You might expect to get a resounding “yes” to the question: “Should you advertise” from someone who has earned upwards of 90 per cent of my income for the past three decades — from advertising sales.
However, the other side of the coin is our business has spent almost no money on conventional paid advertising — and there are strong arguments against pouring money into advertising, unless you know what you are doing and truly understand your objectives.
Advertising sales businesses like to argue that they sell “brand awareness”. This is a cheap way of getting around the word: Results — that is, individuals and companies actually buying anything because of your advertising.
“Brand awareness” after all can be a two-edged sword. You can have negative, as well as positive awareness; like the names of organizations you know you will never do business with either because their values differ from you, they have a poor reputation, or they simply are selling what do not need or want to purchase.
There are of course some circumstances where advertising makes sense for virtually every business, and I’ll outline them below:
When you can test, test and test some more, and through the process determine an effective linkage between your advertising and sales.
Generally, this process takes plenty of time and trial and effort, an is better for larger frequency transactions. Certainly some residential specialist contractors have been able to build worthy client flow through a structured and ongoing advertising campaign.
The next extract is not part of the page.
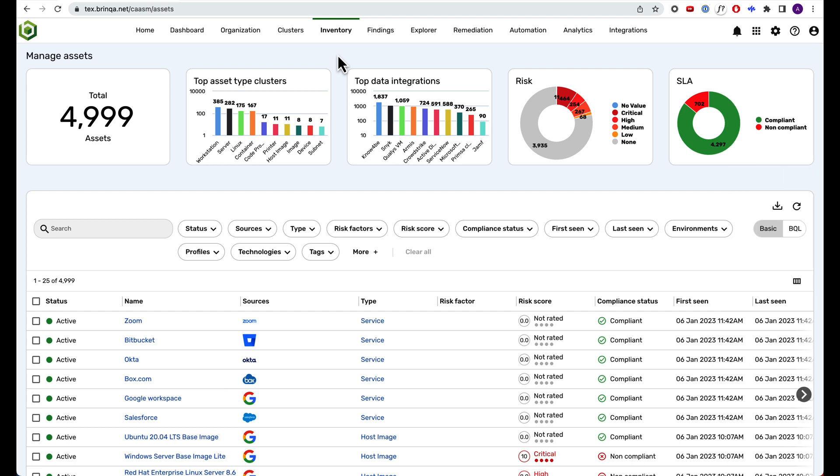In this short demo of the Brinka attack surface intelligence platform, we are going to show you how our graph database creates a living model of your attack surface so that you can understand your assets, their vulnerabilities, and security coverage gaps.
However, for most ICI construction businesses, the advertising falls into the “brand awareness” category or trap, depending on your perspective.
When you are purchasing editorial or “native” advertising, in media relevant to your audience, and which you can recycle in other media.
Editorial(ized) advertising is almost always more effective than conventional ads. While there is much outcry about “fake news”, the fact is most publications and online services will sell advertising packaged subtly within a news-style framework. It is relatively inexpensive for its value. (And it reflects a significant part of our own advertising sales.)
There’s a valid reason such as a specific offer or objective, relationship or in rarer situations, because you really want basic brand awareness.
The explanations vary. A major client encourages you to advertise in a profile supporting their business. You shouldn’t buy the ad in this situation because of any fear of offending your client by not spending the money, but because you want to be associated with the client’s identity/success. You might have a recruitment challenge, or the opportunity to sell a specific property or offer. And, in some cases, where you are “rebranding” as part of a larger strategy, the advertising can help facilitate the market/message changes you are seeking. (This is generally something only larger companies with very large overall budgets should do, however.)